Task to carry out: Return the data that follows exactly as it appears. Pictures do not belong in the copy.

Given material:
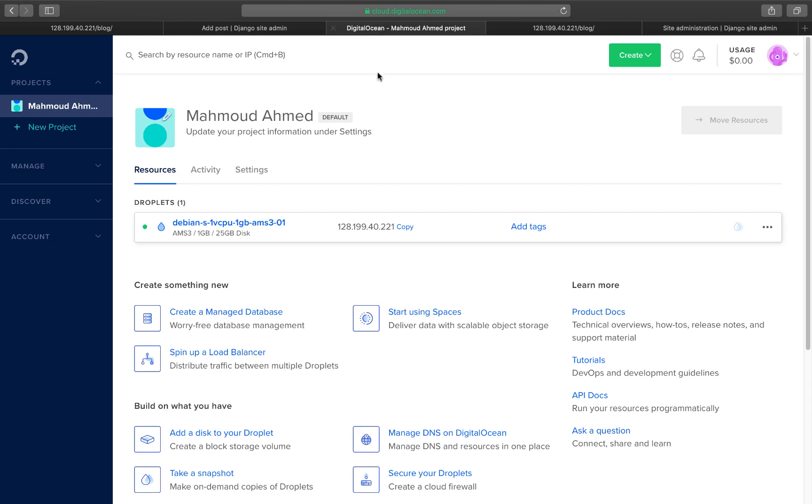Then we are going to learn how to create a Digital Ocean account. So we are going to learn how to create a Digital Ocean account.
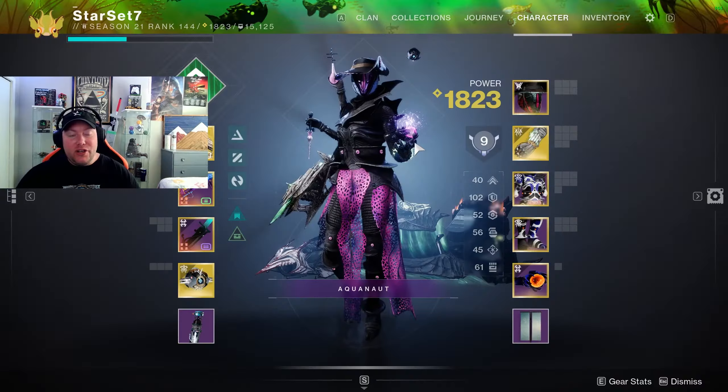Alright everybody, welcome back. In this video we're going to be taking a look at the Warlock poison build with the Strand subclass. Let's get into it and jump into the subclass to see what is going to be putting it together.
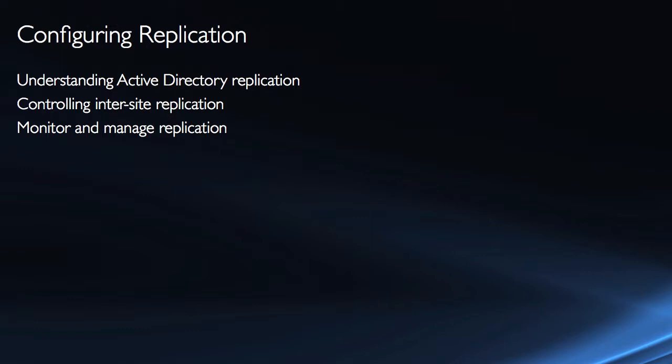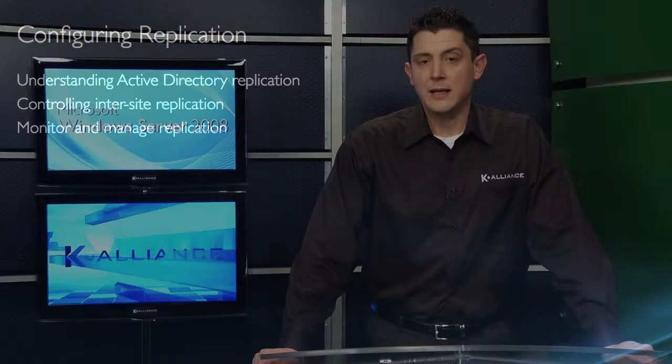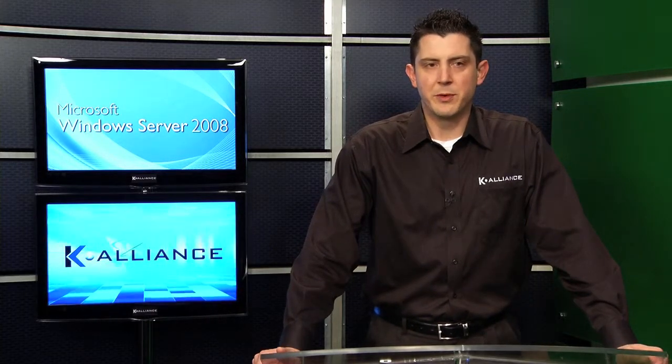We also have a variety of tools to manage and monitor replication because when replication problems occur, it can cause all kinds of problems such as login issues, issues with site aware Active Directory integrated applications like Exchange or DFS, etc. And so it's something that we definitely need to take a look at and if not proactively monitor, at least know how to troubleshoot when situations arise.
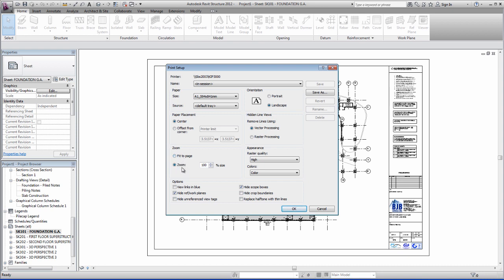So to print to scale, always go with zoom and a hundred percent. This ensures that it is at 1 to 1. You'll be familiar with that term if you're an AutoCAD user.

Answer below:
Then we are going to learn how to create a Digital Ocean account. So we are going to learn how to create a Digital Ocean account.
Alright everybody, welcome back. In this video we're going to be taking a look at the Warlock poison build with the Strand subclass. Let's get into it and jump into the subclass to see what is going to be putting it together.
We also have a variety of tools to manage and monitor replication because when replication problems occur, it can cause all kinds of problems such as login issues, issues with site aware Active Directory integrated applications like Exchange or DFS, etc. And so it's something that we definitely need to take a look at and if not proactively monitor, at least know how to troubleshoot when situations arise.
So to print to scale, always go with zoom and a hundred percent. This ensures that it is at 1 to 1. You'll be familiar with that term if you're an AutoCAD user.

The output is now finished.